The Rock (Transit Lounge 2020) by Aaron Smith is subtitled: Looking into ‘Australia’s heart of darkness’ from the edge of its wild frontier, and the book certainly lives up to this promise.

Opening first with a quote from Oodgeroo Noonuccal: ‘Let no one say the past is dead. The past is all about us and within’, and also with a depiction of the four axioms of the bush: The Missionaries, The Murderers and Madmen, The Misfits and The Mercenaries, the book proper opens with the words ‘Fuck you. With all due respect, fuck you – yes, you, dear reader of this page. Fuck you Australia, lost in the Great Forgetting, the Great Unknowing, the Great Denial of your bloody heart of darkness.’ This gives you a sense of what you are in for – and it’s quite a ride.

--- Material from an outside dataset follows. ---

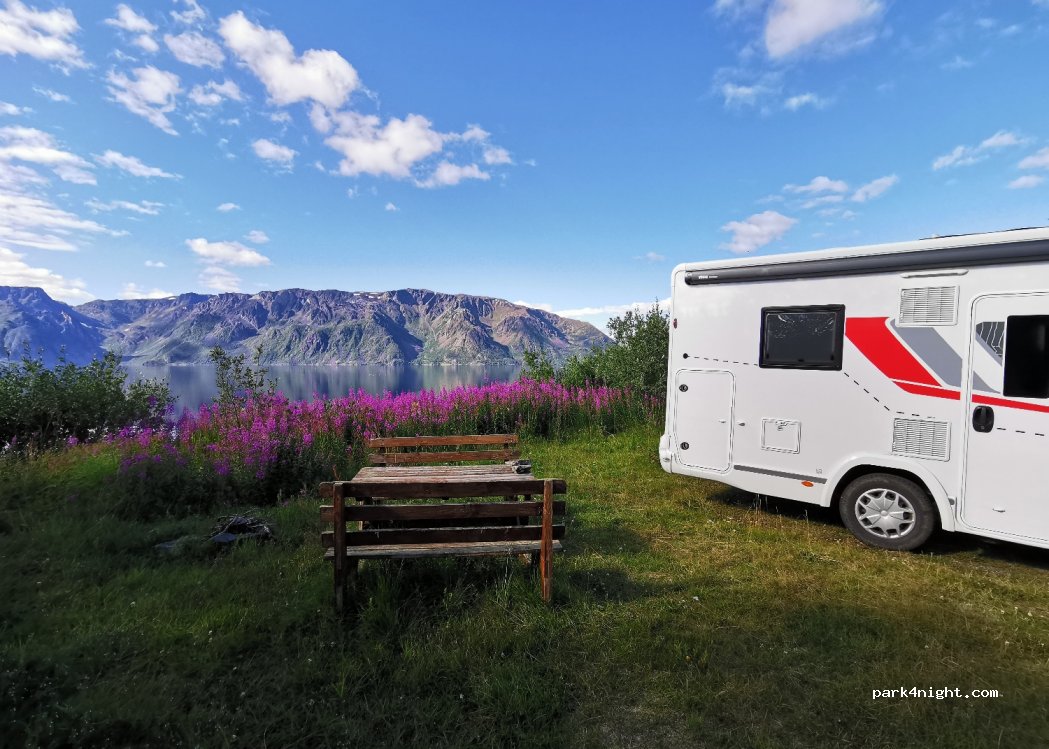 (9536) Komagfjord - — foto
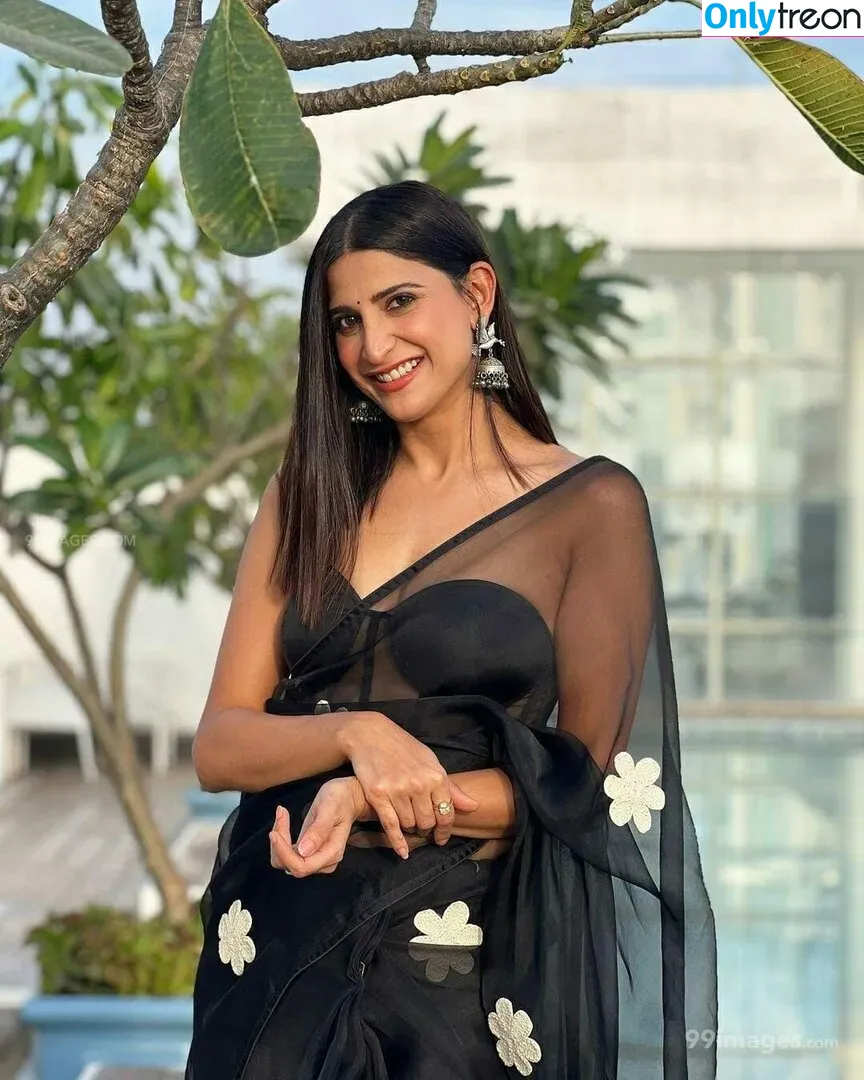 Aahana Kumra голая photo #0038 (aahanakumra)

Aaron Smith’s memoir of his time as the last editor of Australia’s most northerly newspaper, The Torres News, (a small, independent regional tabloid that operated for 63 years until it folded in 2019), gives a unique perspective on the cross-section of life as seen by a white Australian immersed in the culture of Torres Strait Islander and Aboriginal people. And what he sees is often uncomfortable and unpalatable. Racism is exposed as he is ‘transported from his white-boy privileged suburban life to being a racial and cultural minority, and an outsider’. Smith becomes completely immersed in local life and gains a fascinating perspective on the treatment of our northern countrypeople, the political games played with their lives, and the lack of resources available to them, resources that most of us take for granted in this country. As he pulls apart Australia’s issues and examines them from the inside out, he is outspoken, bold and confronting.

Covering everything and everyone from Mabo to Morrison, from Abbott to PNG, from traditional owners to indigenous history, from the media to community to an endless stream of political posturing, from stories of belonging and identity to protests and polls, from disenfranchised indigenous people to empowered Aboriginal leaders, from our shameful history to our shameful present, from stories that made the headlines to those that quietly slipped away unnoticed, from incarceration to inequality to government failures, this book highlights stories of the little people – the unknown characters – all the way to the famous cases that will be familiar to readers. This is a white man writing about indigenous issues, and some readers might take issue with that, but the fact remains that Smith lived and worked in community for six or seven years and has a fascinating and confronting perspective on the topical matters of the times.